He started acting up at home. It was just … We were wondering what happened to our child. My wife and I were totally at a loss. I was at … For those of you that … Elmhurst, in downtown Elmhurst there’s this bakery called Courageous Bakery. I love Courageous Bakery. I was there one morning before work and I ran into Alex’s preschool teacher who we love. We adore. Miss Julie is another family member in our house.

Miss Julie asked how Alex was doing and I said to her … I told her about what I just told you. She looked at me she goes, “Kindergarten is really hard for kids because it is so intense compared to the rest of their lives.” She says, “What Alex needs is love. He needs to be cuddled. He needs extra time with mom and dad. He just needs to be told that he can have fun and it’s okay.”

I went back and told my wife this and we both looked at her like, “What are we going to do?” We started waking Alex up a half an hour before his brother and sister every morning before school, and one of us would play a game with him. We’d sit. We’d read books. We play a game, whatever it was for half an hour. Within two weeks, our kid was back. It was like magic.

Now, I never believe that a five-year-old who lives a pretty blessed life, really not much to worry about would suffer from anxiety of school. I’ve talked to other people about this. They said, “The fear is real fear is an amazing thing of what it does to our body.” I myself suffered from anxiety a few years ago, and I knew that fear, the physical manifestation of fear is difficult.

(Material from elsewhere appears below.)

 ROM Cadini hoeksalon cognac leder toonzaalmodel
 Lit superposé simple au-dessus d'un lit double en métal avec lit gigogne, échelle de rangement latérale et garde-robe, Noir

Now we, as human beings, make a lot of decisions. That when we think about it in hindsight, we might not be proud of, not because they weren’t unethical or bad, but they were emotional decisions. I remember people telling me, “Josh, the very smart part of the human brain, the thing that we think to reason with is not what’s in control. It’s our very primitive back of our brain that has these emotions that makes our decisions for us. It’s that front of the brain, the logical part, the intelligent part, that just finds data to back up our decisions that our emotional part made.”

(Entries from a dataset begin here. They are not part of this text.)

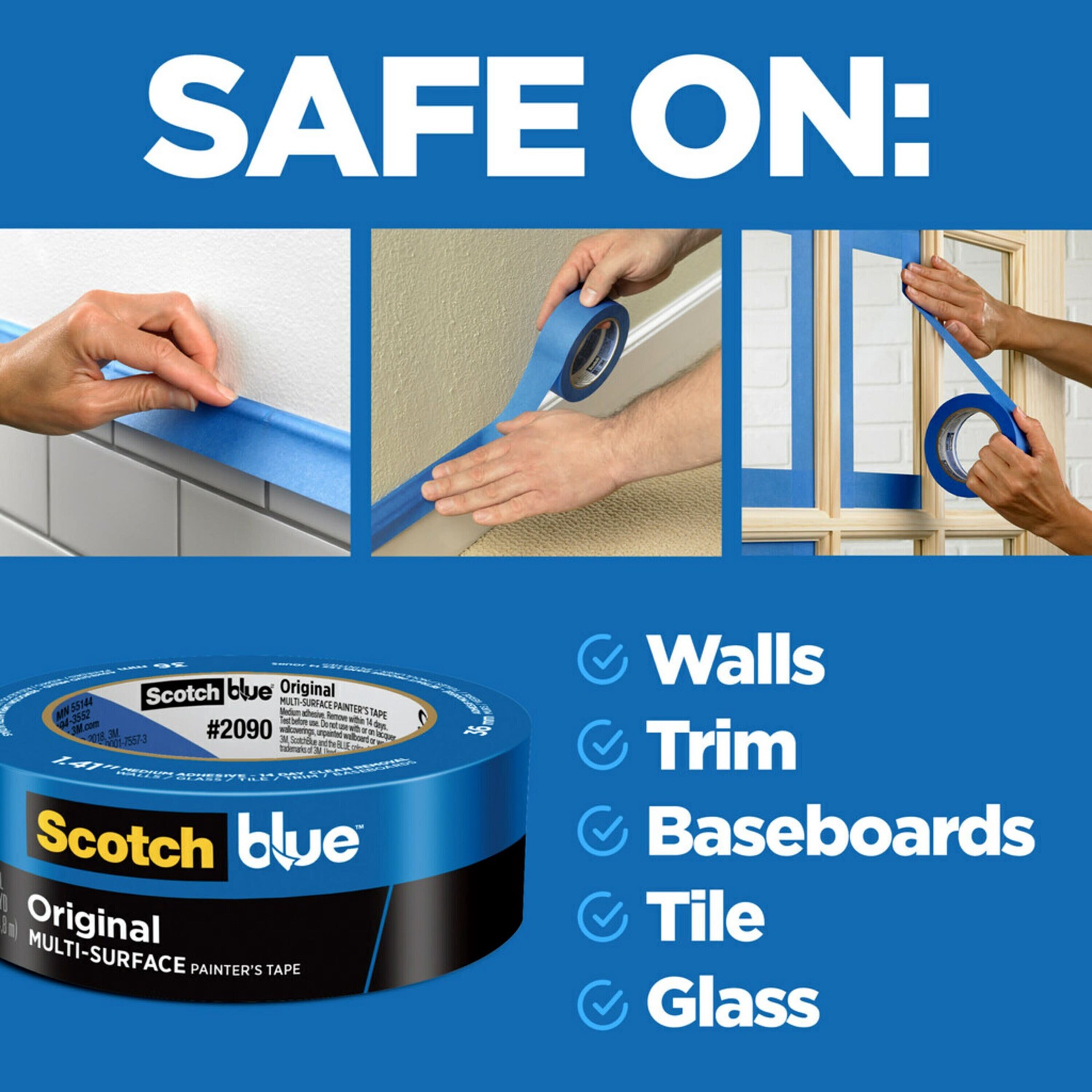 slide 5 of 6, ScotchBlue Original Multi-Surface 2090 1.41-in x 60 Yard(s) Painters Tape, 1 ct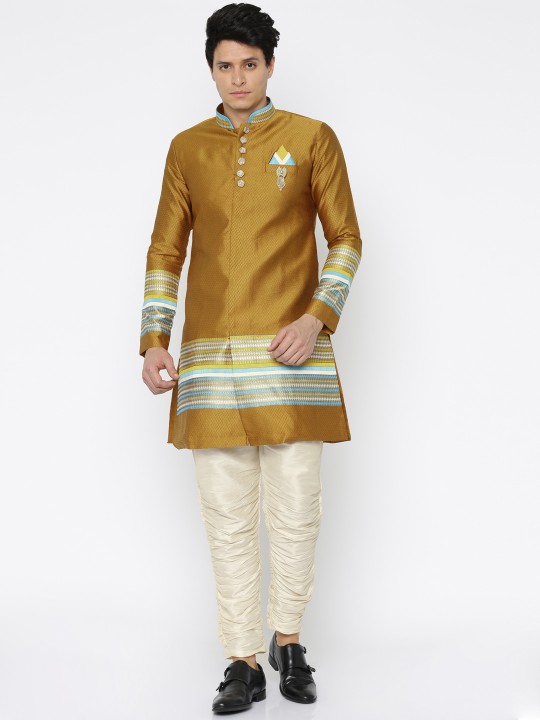 Brown & Beige Kurta Pyjama Set S
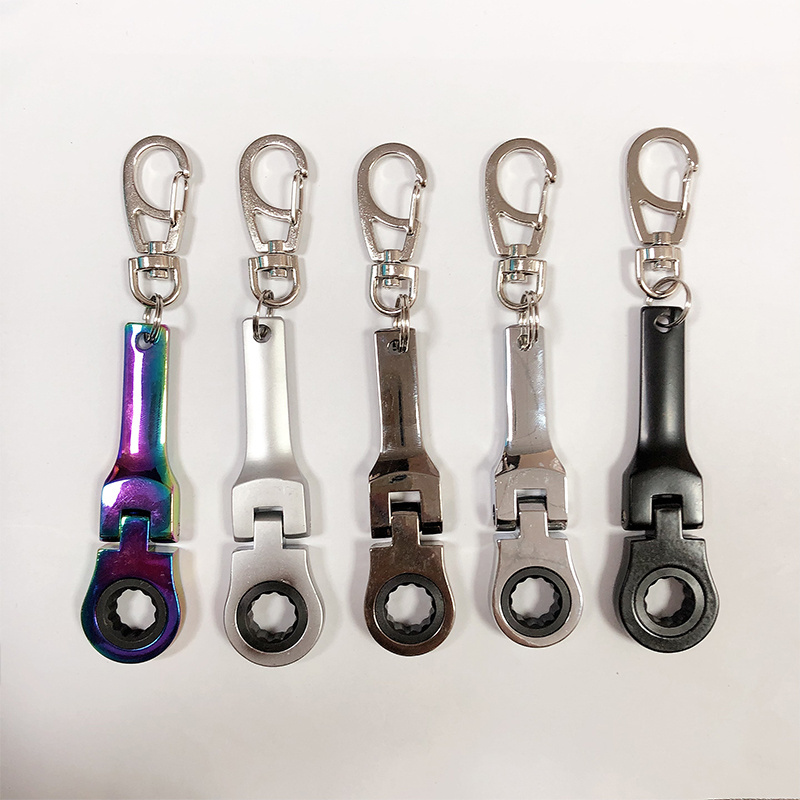 Adjustable Flex-Head Stubby Ratcheting Combination Wrenches keychain Toy Spanner Keychain Key Ring  10mm Wrench Ratchet Keychain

The two strongest emotions that we have, the two most powerful emotions in the human body are fear and greed. We make a lot of decisions based on fear and greed. We make a lot of financial decisions based on fear, and greed. Now, I’m a CPA. I love Excel and spreadsheets. I love to show you Excel and spreadsheets. I know you don’t care about Excel and spreadsheets.

But tonight, what I’m going to do is I’m going to try and show you some data. I’m going to try and show you some things to make you understand where the fear comes from, and how you should frame it, and also to see where some of the greed has come from. Then I’m going to show you what we should be doing about it. At the end, I will gladly take any questions that you have.

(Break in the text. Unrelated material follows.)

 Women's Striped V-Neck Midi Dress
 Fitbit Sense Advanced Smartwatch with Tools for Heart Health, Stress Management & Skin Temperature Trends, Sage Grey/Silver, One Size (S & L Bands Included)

First off, what is a market correction? In our office, it’s really funny, we get hung up, and we’ll have massive arguments. We’ll realize we all agree on the same thing. We don’t agree with the definition of something is. We wanted to understand what a definition of a market correction is. Anyone in here who has money in the market, you’ve watched your account balances go up and go down, go up and go down.

Now, the down part is the correction part. On a technicality … Have you talked about a pullback, just a simple pullback? That’s a 5% to 9% loss. Now, there are times when we’ve seen those in weeks, up and down and up and down. A true correction is when our market loses 10% of its value, all the way up to 20%. Then for some reason, they chose the 20% number to consider what they call a bear market.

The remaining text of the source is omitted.